Latvia’s voters also enthusiastically used the distinct open party-list system that allowed them to support or reject individual candidates on the party list that they chose by either putting a ‘+’ next to candidates’ names or alternatively striking them out. Unity’s power broker, the current parliamentary Speaker Solvita Āboltiņa, was struck down from first to fourth on the party list in the Kurzeme electoral district and was thus not re-elected to parliament when Unity gained just three seats in the region. Jānis Junkurs, a former male model elected to parliament in 2011 on the Zatlers Reform Party ticket, had waged a murkily well-funded individual campaign in the Kurzeme electoral district that helped him shoot above Mr Āboltiņa in the final reckoning. Perhaps fearing political retribution, Mr Junkurs was absent from parliament on sick leave since the election.

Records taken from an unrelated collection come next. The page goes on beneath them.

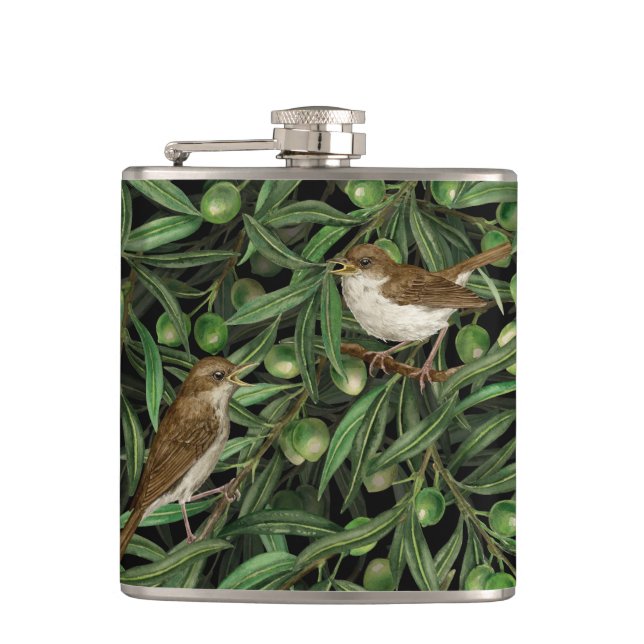 Nightingales in the olive tree 3 flask (Front)
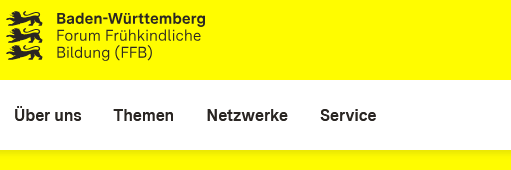 Das Bild zeigt einen Screenshot mit den Inhaltsbereichen der FFB Seite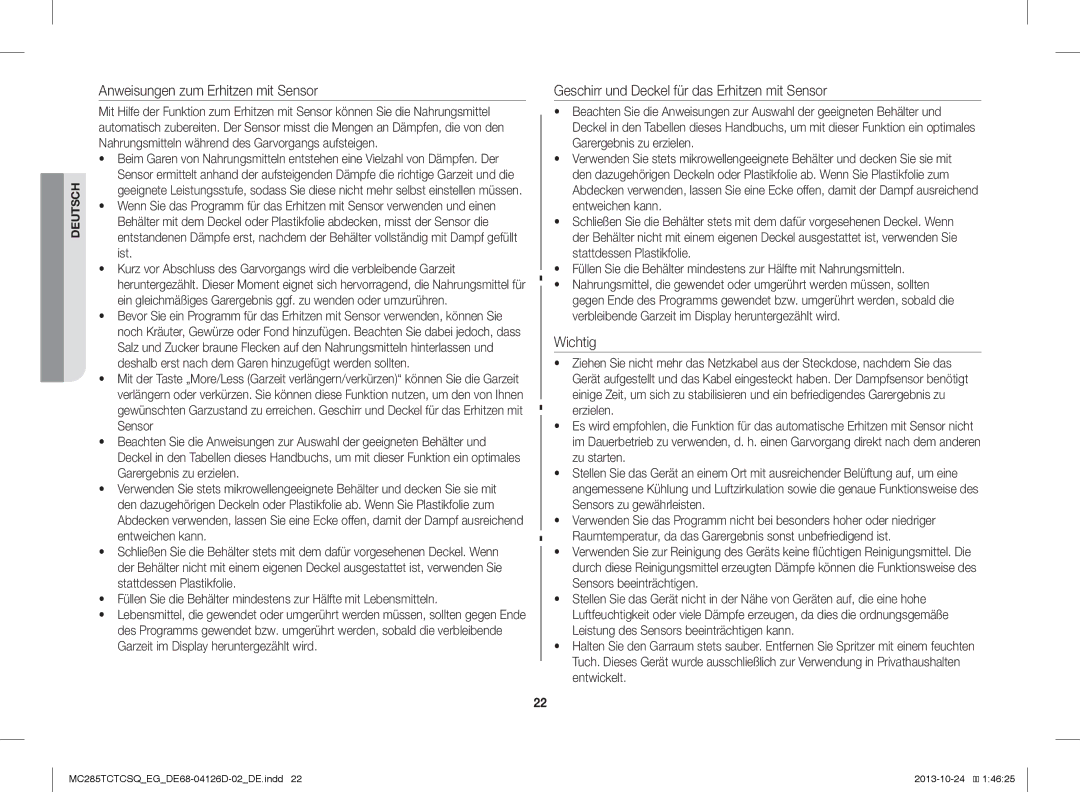 Samsung MC285TCTCSQ/EG manual Anweisungen zum Erhitzen mit Sensor 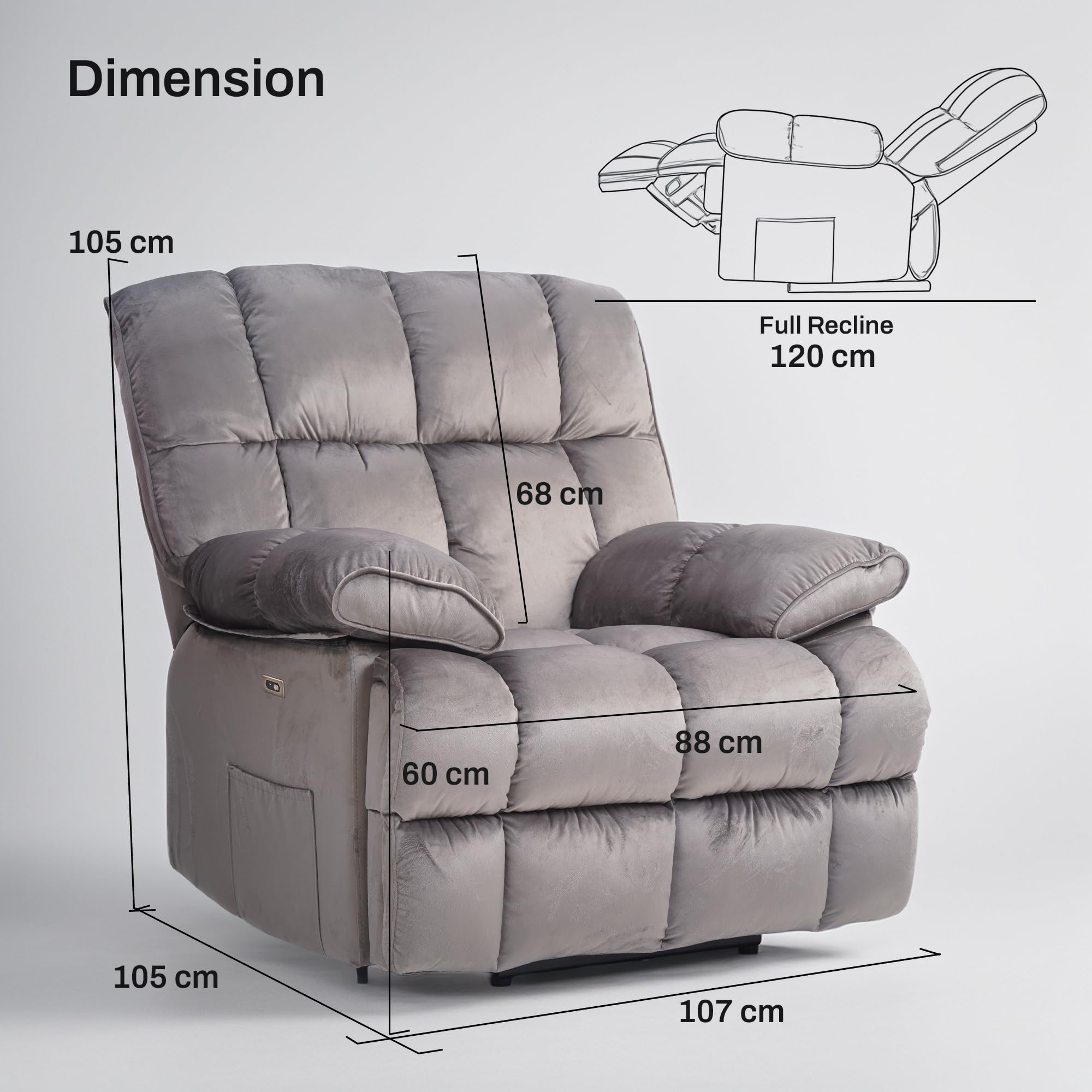 Drogo Evo Lounge Oversized Motorised Single Seater Recliner Sofa with Rapid Recline Technology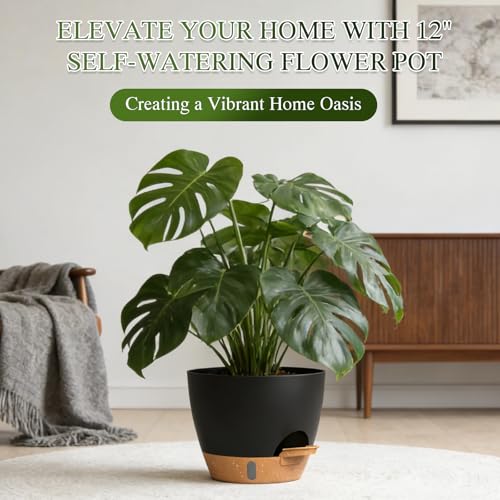 Self Watering Pots with Drainage Holes, 3 Pack 12/10/8 Inch Plant Pots with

Prospects for the future: Coalition building and vote-buying
The days and weeks after the election were dominated by a growing vote-buying scandal. A Unity party member in the eastern region of Latgale sent an email to party leaders, subsequently leaked to the press, claiming that voters had been encouraged to vote for Unity’s influential Chief Whip, Dzintars Zaķis, in exchange for cash. The Security Police started investigating this and several other different cases of systematic vote-buying (the largest number of such cases that it had ever investigated). Mr Zaķis temporarily left his post and suspended his party membership while the police investigation continued, although he stated that he had no intention of resigning his parliamentary mandate or ‘abandoning’ Unity. If the allegations were to be proved, the distribution of seats would probably need to be re-jigged between the parties. A legal challenge by Harmony Social Democracy may even result in a new election being called, although at the time of writing this prospect appeared rather unlikely.
The government coalition formation process was complicated by Unity gaining only marginally more seats than its two coalition parties. While Unity remains the senior coalition partner and is likely to keep the prime minister and finance minister posts (with Laimdota Straujuma continuing on as prime minister), the re-allocation of other ministerial posts to reflect the relative new balance of power between the three parties dragged out the coalition-building negotiations. Harmony Social Democracy was excluded from negotiations on the formation of the new government and seems doomed to another four-year stretch in parliamentary opposition alongside ‘From My Heart for Latvia’ and the Regional Alliance. European issues played no part in the election (indeed, they barely figured in May’s European Parliament election). In this sense the election was business as usual.